Rightmove stated that buy-to-let investors cashing in their pension pots to raise larger deposits may drive prices up further at the low end of the market, with agents reporting significant uplift in interest ahead of new pension rules in April.
Last month, advisers and estate agents acknowledged there could be a rush to buy-to-let property investment in April, although many claimed the scale is being overblown as few people have a large enough pension pot to meet inflated property prices.
Many could get around this by using their pension cash as a sizable deposit for a home, with a mortgage used to fill the gap. Most buy-to-let loans are not subject to tougher affordability tests which came in from last year and that often preclude mortgages which extend into retirement.
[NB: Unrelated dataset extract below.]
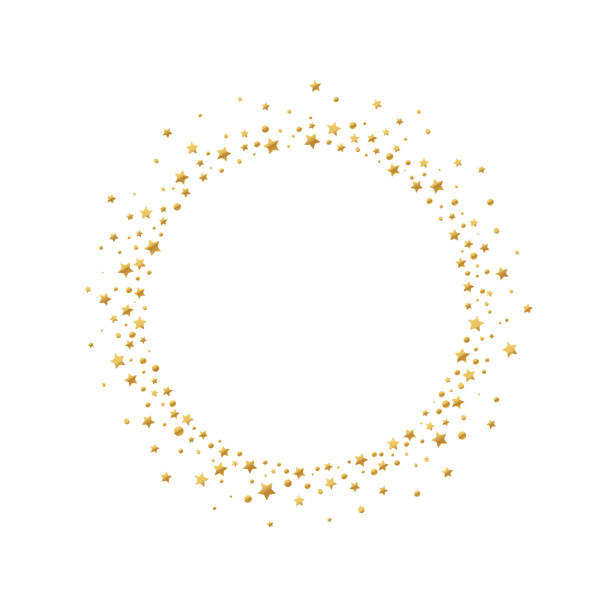 Round frame with gold confetti stars and circles isolated on white background. Round frame with gold confetti stars and circles isolated on white background. Golden explosion of confetti. Holiday background. rounded star shape stock illustrations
Rightmove cited Council for Mortgage Lenders data which show buy-to-let mortgage loan numbers were already up by 23 per cent in 2014 as the sector rides a wave of growth even before new pension rules.
Miles Shipside, Rightmove’s director, said that its agents are reporting a "high level of interest" from new landlords, who are typically first-time, retirement age, buy-to-let investors.
“With the highest returns for the lowest investment being at the lower end of the market, the first-time buyer property sector will be the greatest recipient of any increase in demand from investors with substantial pension pots.”
He pointed out that lower-end properties favoured by first-time buyers and investors are in short supply in many locations due to increased competition among mortgage lenders, who are also chasing landlords with offers of low rates for lower risk.
“Some cash-rich pension pot buy-to-let investors will also be tempted by those tax-deductible mortgage rates, creating further upwards price pressure in a market sector that is already out-stripping the higher-priced ones.”
However, while there are tax benefits to buy-to-let relative to residential purchases, most pension savers will find themselves hit with a major tax liability if they cash in their pension for property - and the bill could ultimately be enough to put many off altogether.
As well as marginal rate taxes for the initial withdrawal, which could extend to 40 or 45 per cent depending on the amount released and that would apply to all other income earned that year, buyers would face stamp duty charges on the property itself. Buying also brings a range of other costs.
So poor a move to most advisers consider buy-to-let for many retirees that one adviser questioned the FCA during a recent FTAdviser retirement freedoms event on whether he should simply walk away from clients insisting they wish to go down this route.
Separately, Rightmove's monthly house price index revealed the average new seller asking price is just £30 below the all-time high of £281,782 last June, following a 1 per cent rise in the price of property coming to market.